Love ice cream? Love Matcha? Mix the two together and you are winning forever...


140g organic dark chocolate

2 tbsp of Matcha green tea powder

400ml full fat milk

300ml double cream

1 vanilla pod

80g fresh mint leaves

4 large egg yolks

140g unrefined caster sugar

  • put the chocolate in a freezer bag, seal and freeze for 30 minutes
  • in a small bowl, mix the Matcha with hot water (not boiling), set aside.
  • remove chocolate from freezer and bash up into small chunks inside the bag
  • pour milk and cream into a heavy based pan, scrape vanilla pod seeds in and add pod. Heat the mixture until almost boiled. Add mint, cover and leave for 15 minutes
  • strain the liquid and press mint hard in the sieve to extract all the flavour.
  • whisk the egg yolks and caster sugar until thick.

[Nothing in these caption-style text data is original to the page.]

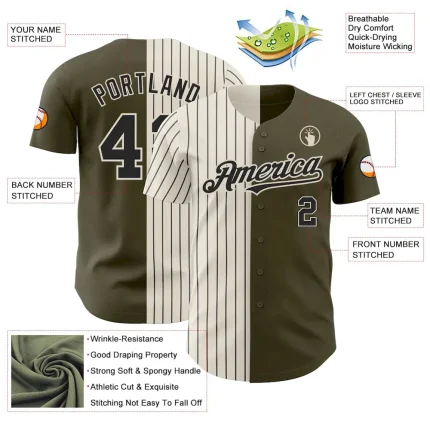Custom Olive Cream-Black Pinstripe Authentic Split Fashion Salute To Service Baseball Jersey - Image 3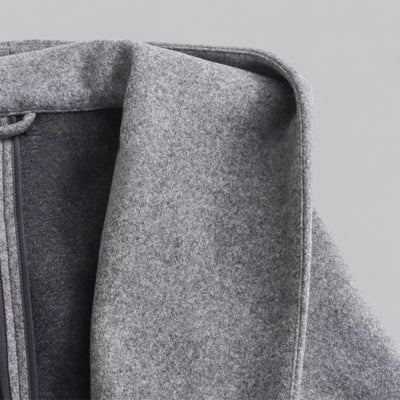 Dames Wollen Winterjas Met Capuchon En Riem In Knielange Stijl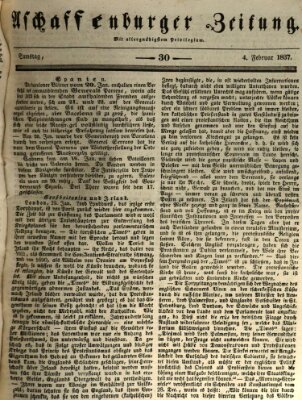 Aschaffenburger Zeitung Samstag 4. Februar 1837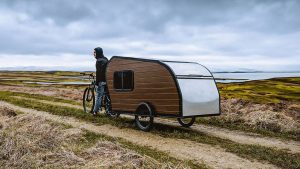 Vue du caravelo, la mini-caravane pour vélo
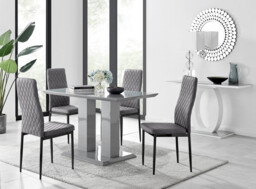 Imperia 4 Grey Dining Table and 4 Velvet Milan Black Leg Chairs - thumbnail 2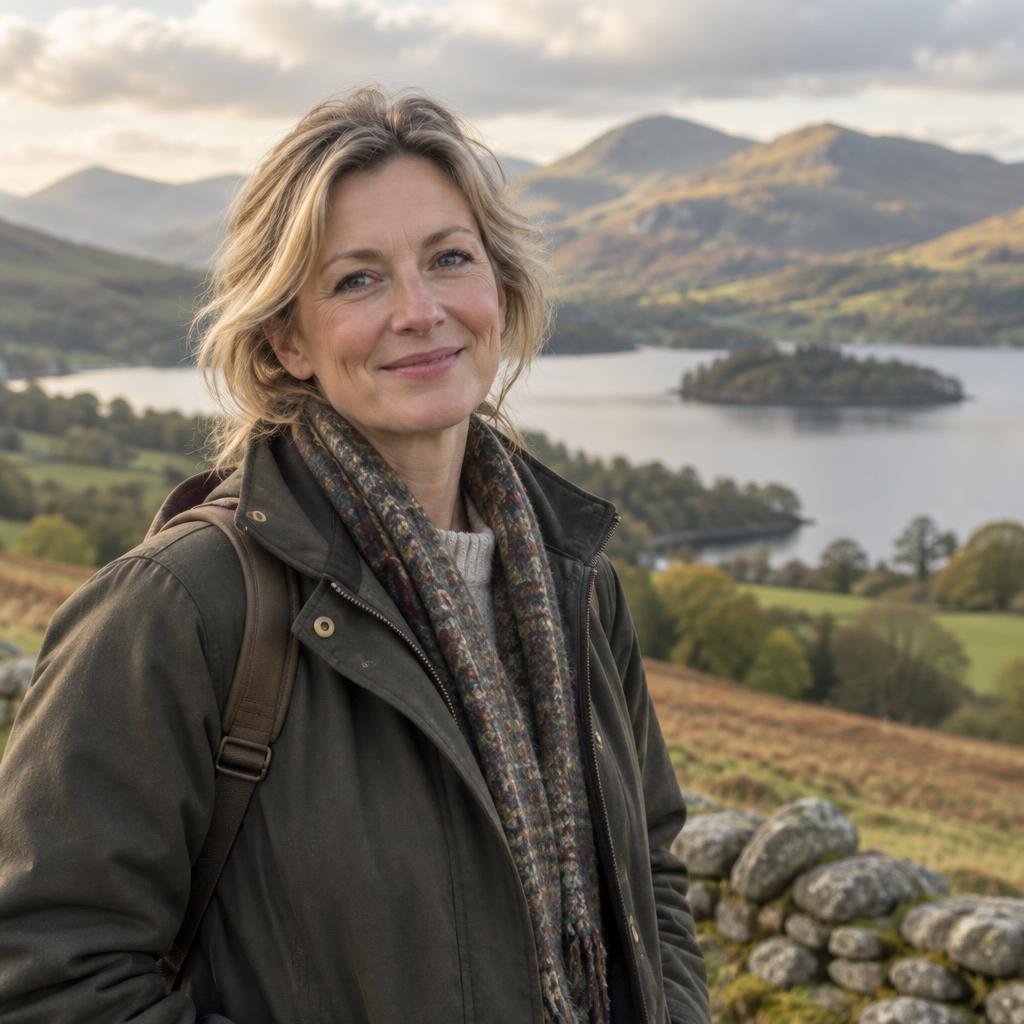 Jemima, your Lake District host, with Derwentwater and the fells behind her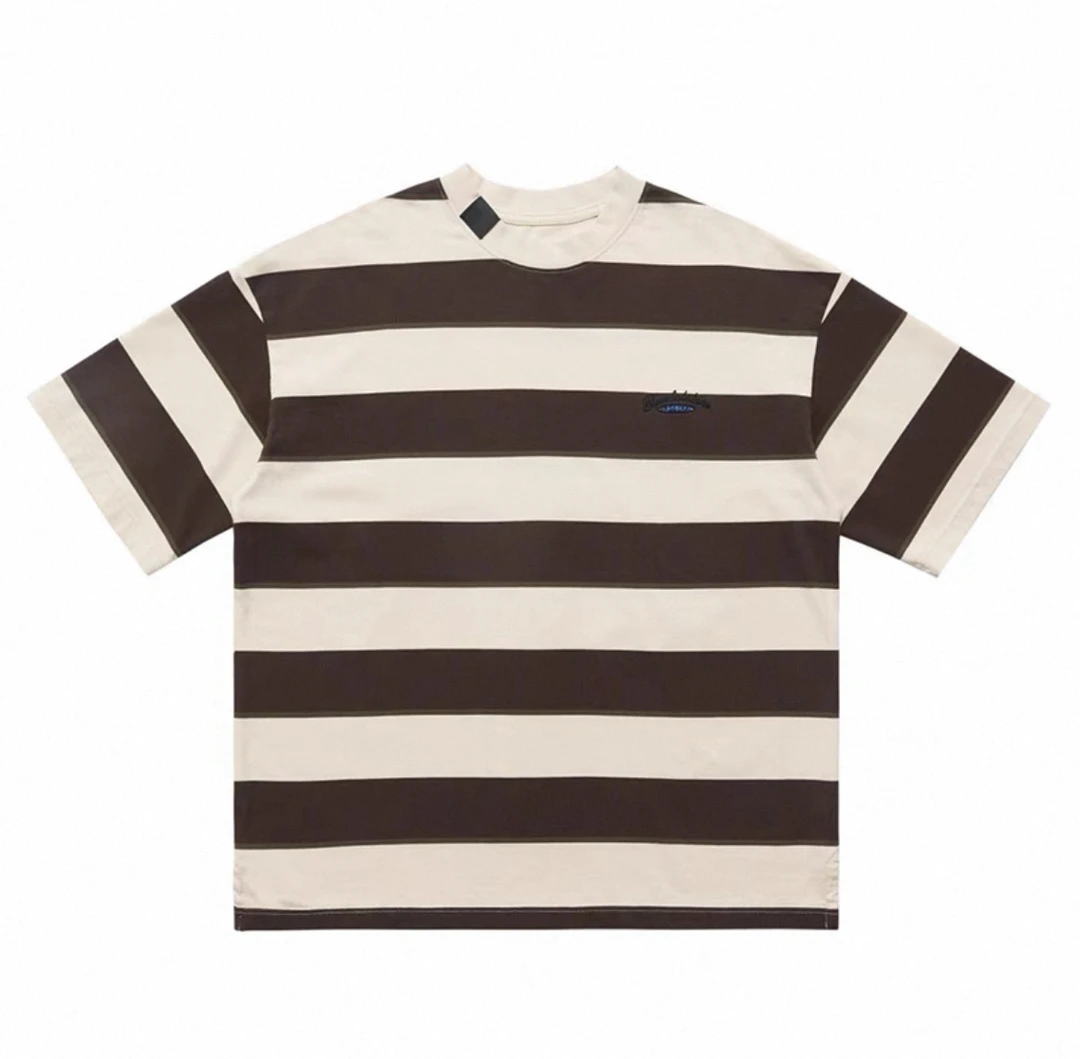 重磅宽条侧开叉短袖T恤#619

Add the Matcha tea mixture and whisk again thoroughly
  • return the mint cream mix to a fresh pan and bring back to almost boiling
  • pour half the hot liquid onto the egg and tea mixture and whisk. Add the rest of the cream and mix.
  • clean the pan and return the cream mix, cook over a low heat, stirring continuously for about 3 to 4 minutes (make sure it does not curdle!)
  • strain the mixture into a bowl and leave to cool. Stir it occasionally so it does not form any skin
  • chill the mixture over night
  • Churn the mixture in an ice-cream maker until frozen, add the chocolate pieces before it sets. If you do not have an ice cream maker, pour the mixture into a chilled container and freeze for 2-3 hours. Whisk thoroughly to break up any crystals and add the chocolate chips. Freeze until solid. Soften for 20 - 30 minutes in the fridge before serving.